# does anyone have...



## kris_schroder (Feb 10, 2013)

an undergravel filter for a 30 gal?
i am starting an aquaponics set up and i think that an undergravel filter might be just the ticket to get the fish poo up the pipe to the grow-bed.
i'm open to other ideas as well. this is an indoor set up- mainly for strawberries and herbs. 
thanks!


----------



## Virc003 (Aug 18, 2011)

I might have one. I bought it to put in a 40 long. I'll have to check the dimensions.

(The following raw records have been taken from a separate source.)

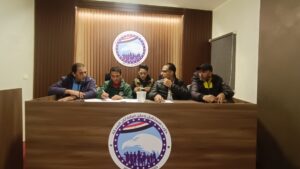 IMG_20260215_215206-300x169 مستقبل وطن ثان المحلة يطلق إشارة البداية لدوري 2026 بإجراء القرعة العلنية وسط مشاركة 16 فريقًا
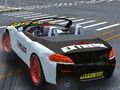 Permainan Simulator Stunt Kereta Drift talian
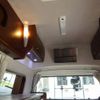 toyota townace-van 2015 GOO_JP_700050416230240530001 image 14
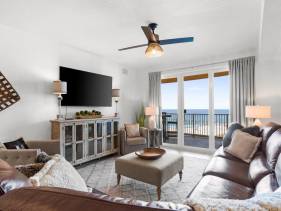 Calypso Resort Tower 3-1002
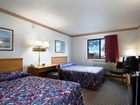 фото отеля Super 8 Mundelein Libertyville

What are the measurements of your tank?


----------



## fishyjoe24 (May 18, 2010)

a true 30 gallon long 36x12 or a 29 gallon 30x12 that some people call a 30 gallon? I might have some old ones some where I will look and let you know.


----------



## kris_schroder (Feb 10, 2013)

Hey guys!

I just measured the tank and it's: 20X10X19. The 19" is height, so it may actually be 20". This includes the black 'frame' around the glass.

If you guys did, that'd be great.  I am hoping to up the nurtrient movement in the system.

Let me know,
Kris


----------



## fishyjoe24 (May 18, 2010)

that would be a 16 high. hard to find to find under gravels for those. I know perfecto makes that size. might try asking pet stores.


----------